Ci aveva già provato con un emendamento presentato al dibattito sul “mille proroghe” del Senato a fine dicembre per imporre a Roma di vendere le quote di maggioranza di Acea, alienare il patrimonio pubblico, bruciare posti di lavoro dismettere altrettante vite. Ancora, sempre quell’emendamento, richiedeva di: liquidare le aziende “che non erogano servizi pubblici”, privatizzare trasporti, rifiuti e pulizia delle strade; stirare i vincoli del patto di stabilità su assunzioni e acquisto di beni per tutte le partecipate del Comune. Tentativo fallito per la “resistenza” dei senatori romani, anche se una piccola soddisfazione era riuscita a portare casa inchiodando il sindaco, per tutto il 2014, a mantenere inalterata la quota Irpef e condannandolo alla graticola della possibilità di andare in “carenza di ossigeno”.

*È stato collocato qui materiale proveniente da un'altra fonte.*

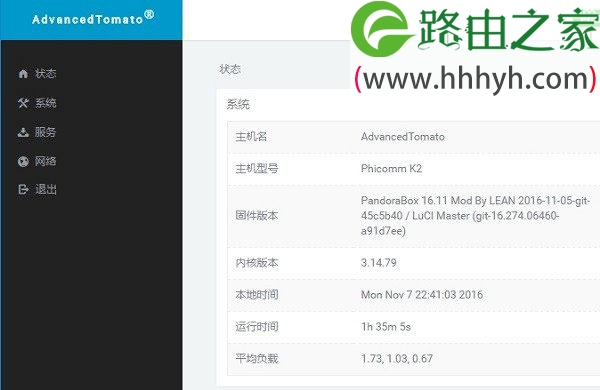 斐讯(PHICOMM)K2路由器刷潘多拉(pandorabox)固件的方法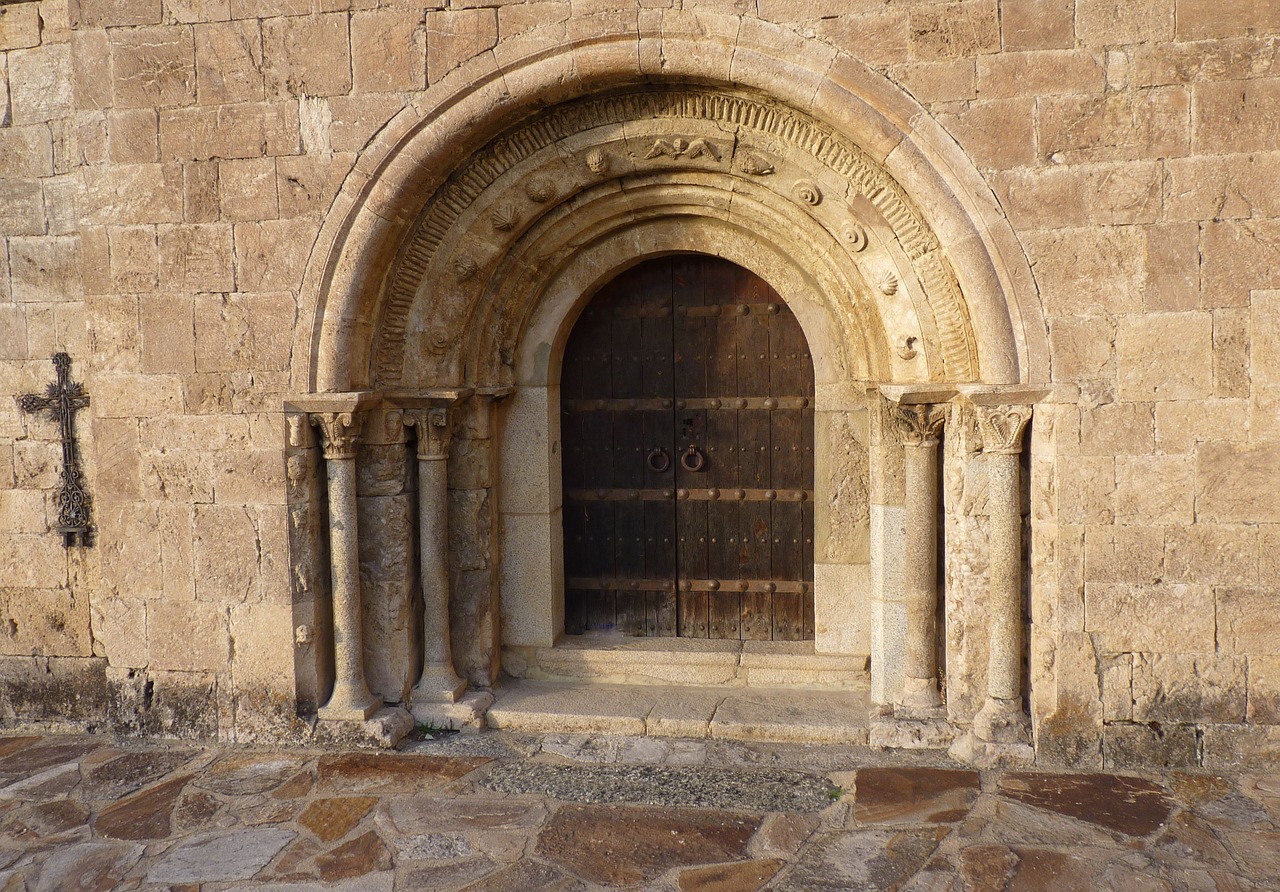 Durys, Romaneškos Koplyčios, Bažnyčia, Buvęs, Architektūra, Paveldas, Religija, Katalikų, Senas Kaimas, France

Ora ci riprova complice il passaggio di governo e l’ingolfamento dei vari decreti approvati a furia di voti di fiducia da convertire, che ha portato il Senato a un calendario complicato per la loro conversione in tempi utili pena la loro decadenza. Salva Roma è a rischio e questo ha fatto scattare l’allarme. Linda Lanzillotta porta a compimento il lungo lavoro iniziato con il Piano Regolatore di Rutelli, infiocchettato da Veltroni; fare del territorio della città un offerta al mercato. Un territorio che è stato necessario prima privare dei propri caratteri identitari, facendolo ridisegnare dalla rendita, per poi renderlo disponibile a trasformare i propri abitanti in merce. Condannati a pagare i simulacri di ciò di cui vengono e verranno spogliati e privati giorno dopo giorno. Condannati a pagare, finché saranno in grado di farlo, i servizi, il muoversi, la salute, il respirare, il sopravvivere.

Marino sembra non rendersi conto di quello che sta accadendo e fa avanti indietro con palazzo Madama per cercare, come dice lui, di salvare Roma, di tenere in piedi la sua giunta. Cerca soldi, inventa alleanze, muove le pedine, arranca, ascolta quello che riportano gli ambasciatori e i loro tentativi per cercare di trattare, un emendamento possibile con la senatrice di Sc. Niente da fare. Non resta che trovare i voti di chi, contrario in Parlamento al governo è al governo in città, come SEL, e quelli di chi, come Grillo, contrario al governo in Parlamento è, anche se nessuno se ne è fino ad oggi accorto, contrario al governo del Campidoglio. Come se nuove alleanze politiche potessero impedire l’espandersi di chi, con questa raffica di emendamenti a un decreto e con azioni concrete, intende cancellare lo spazio pubblico, riappropriarsi della ricchezza rappresentata dalle risorse comuni, attaccare le nostre stesse vite, fare territorio attraverso il progetto della finanza.

Intanto Marino di fronte ad un Tevere ingrossato ci promette di renderlo navigabile.